Radio observatories (artist's concept)
Artist’s concept of the two radio observatories involved in a new fast radio burst study: dishes at the Westerbork Synthesis Radio Telescope (left) detected a periodic, short signal from a fast radio burst at high frequencies. But the low-frequency signal from the same source, caught the LOFAR telescope, appeared much later.
Joeri van Leeuwen

Fourteen years ago, the first fast radio burst (FRB) was discovered. By now, many hundreds of these energetic, millisecond-duration bursts from deep space have been detected (most of them by the CHIME radio observatory in British Columbia, Canada), but astronomers still struggle to explain their enigmatic properties. A new publication in this week’s Nature “adds a new piece to the puzzle,” says Victoria Kaspi (McGill University, Canada). “In this field of research, surprising twists are almost as common as new results.”

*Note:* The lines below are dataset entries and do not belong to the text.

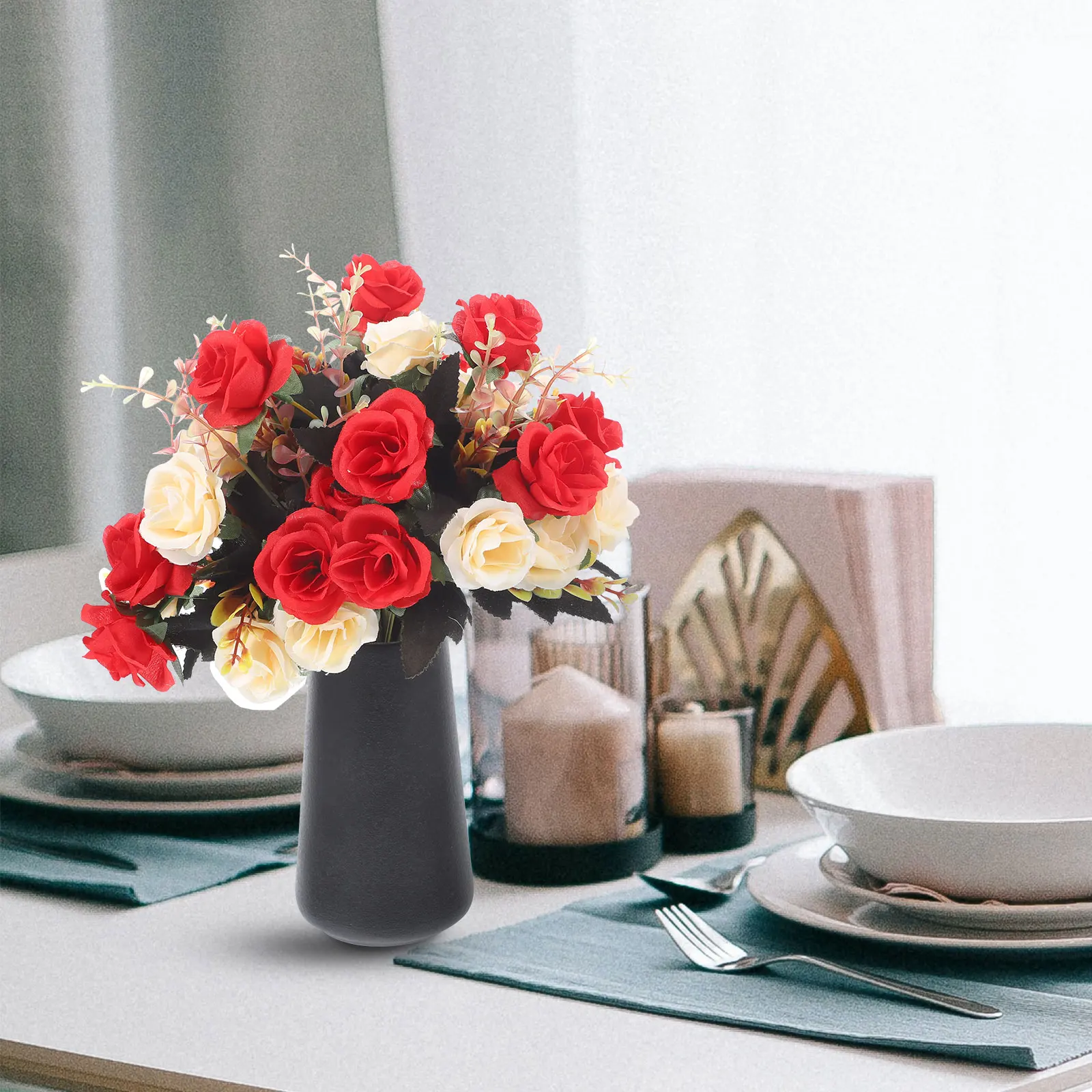 

Elegant Ceramic Vase for Home Decor Modern Simple Design Wide Opening for Flowers Plants Desktop Centerpiece Decorative Pottery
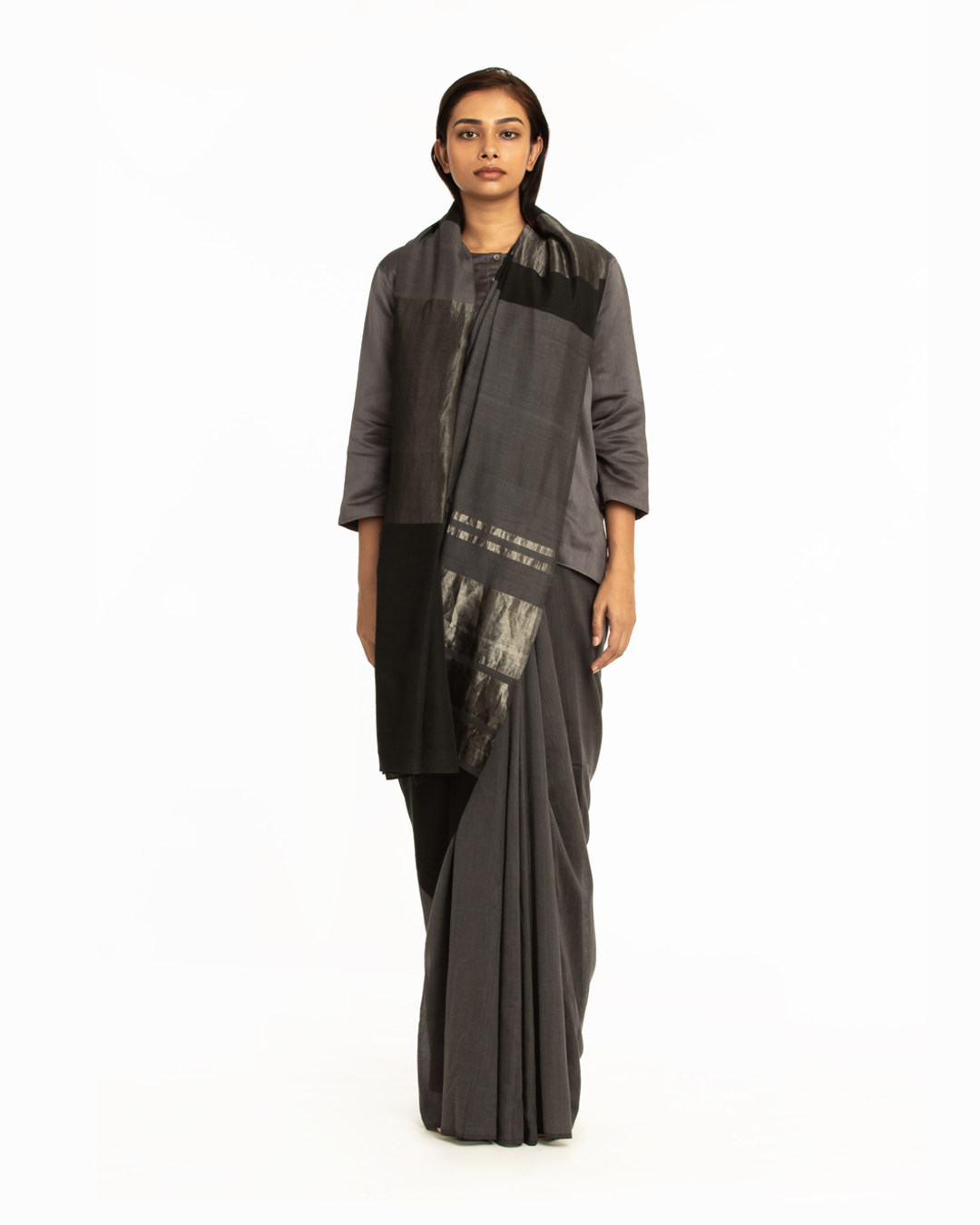 Handwovem Grey Black Engineered Cotton Saree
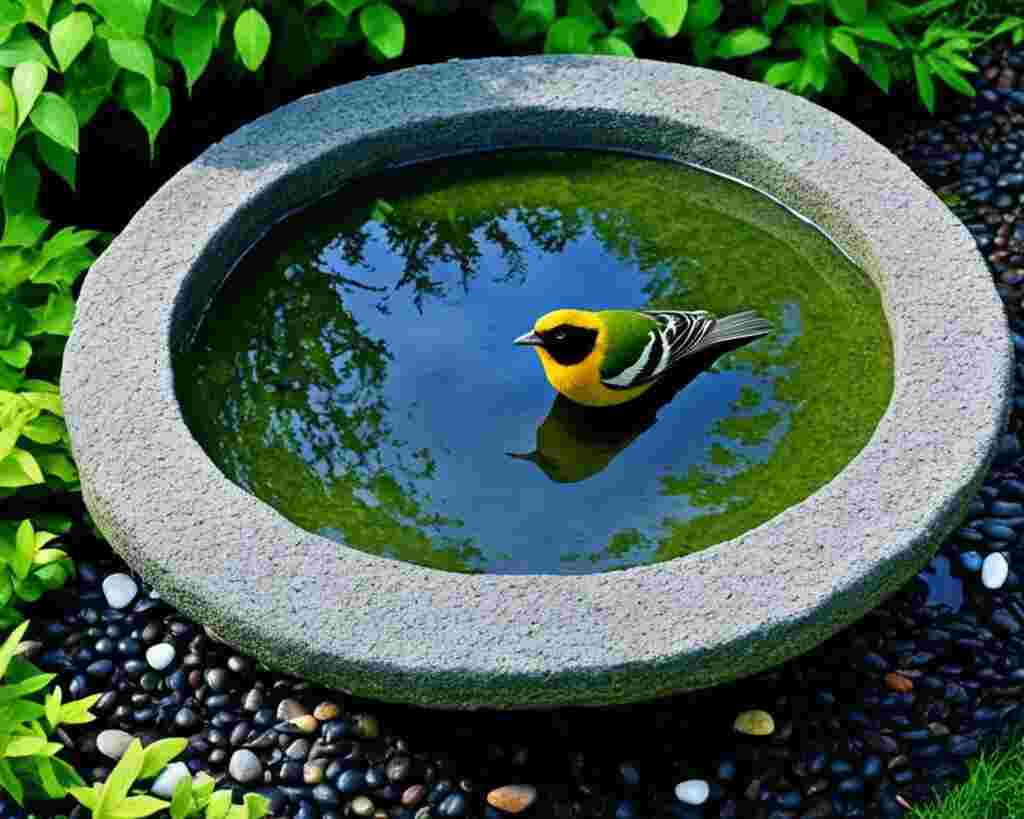 A small yellow bird cooling itself off in a shallow bird bath.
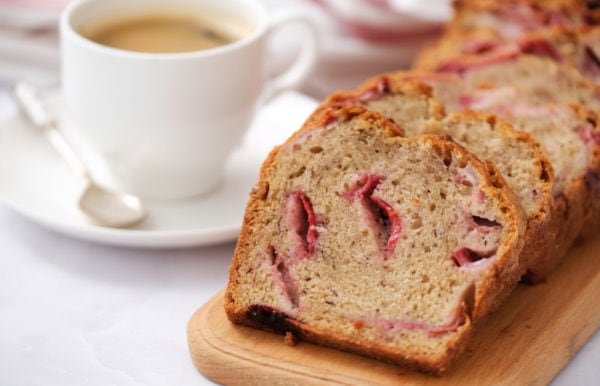 baked loaf of strawberry banana bread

Most astronomers agree that FRBs are probably explosions on the surfaces of highly magnetized neutron stars (so-called magnetars). But it’s unclear why most FRBs appear to be one-off events, while others flare repeatedly. In some cases, these repeating bursts show signs of periodicity, and scientists had come up with an attractive model to explain this behavior, involving stellar winds in binary systems.

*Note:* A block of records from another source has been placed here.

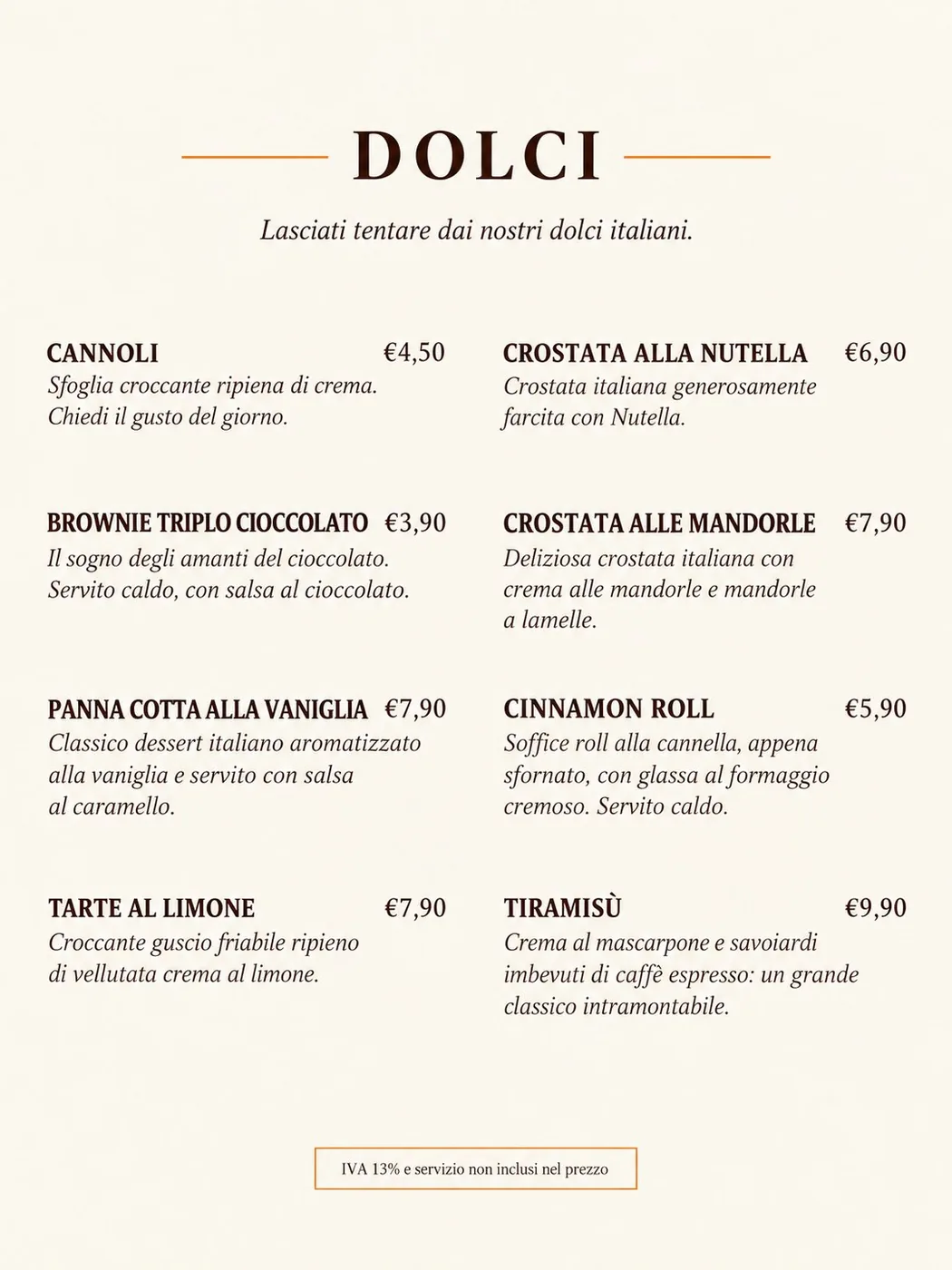 Fine-dining restaurant: dessert menu before Menu Revolution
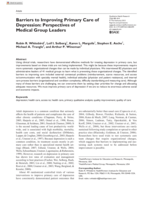 Barriers to Improving Primary Care of Depression: Perspectives of Medical Group Leaders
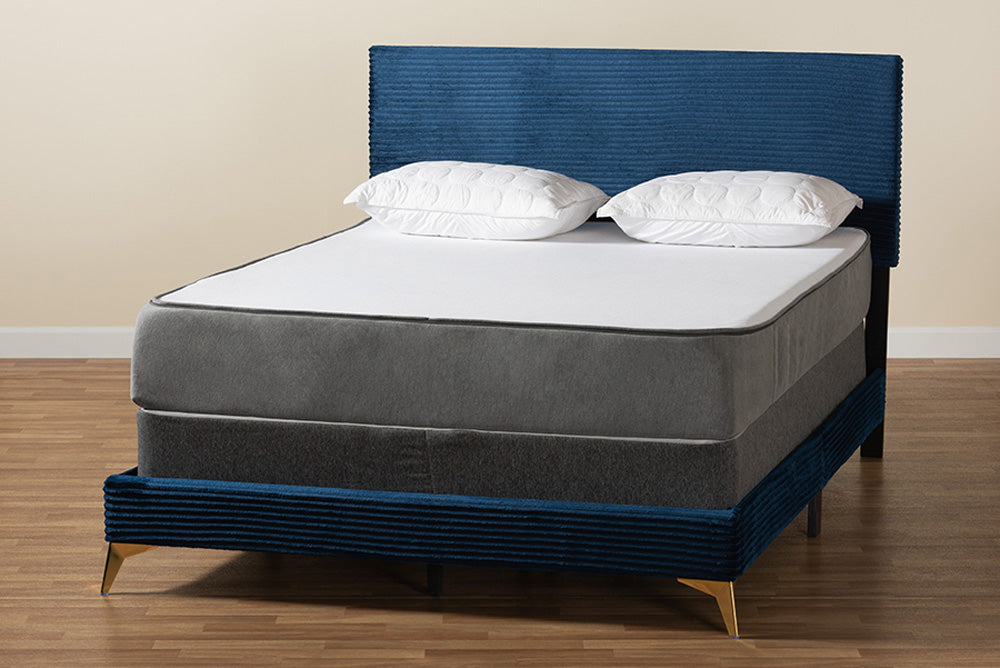 bali & pari - Abberton Queen Size Bed - Abberton-Navy Blue Velvet-Queen view 8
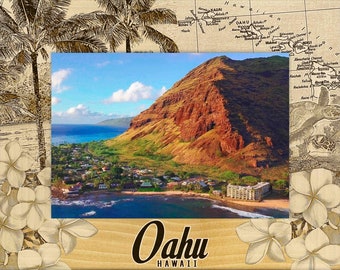 Oahu Hawaii Laser Engraved Wood Picture Frame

However, new observations by European radio telescopes may rule out this model.

Astronomers knew that FRB 20180916B, located in a galaxy some 460 million light-years away, produces multiple bursts about every 16 days, during a ‘window’ that lasts for a few days. “The idea was that the magnetar is part of a binary system with a 16.29-day period,” says Inés Pastor-Marazuela (University of Amsterdam and ASTRON, The Netherlands), the first author of the new paper. If the companion star had a thick stellar wind that absorbs radio waves, the bursts would only be visible when the magnetar was on ‘our’ side of the orbit, she explains.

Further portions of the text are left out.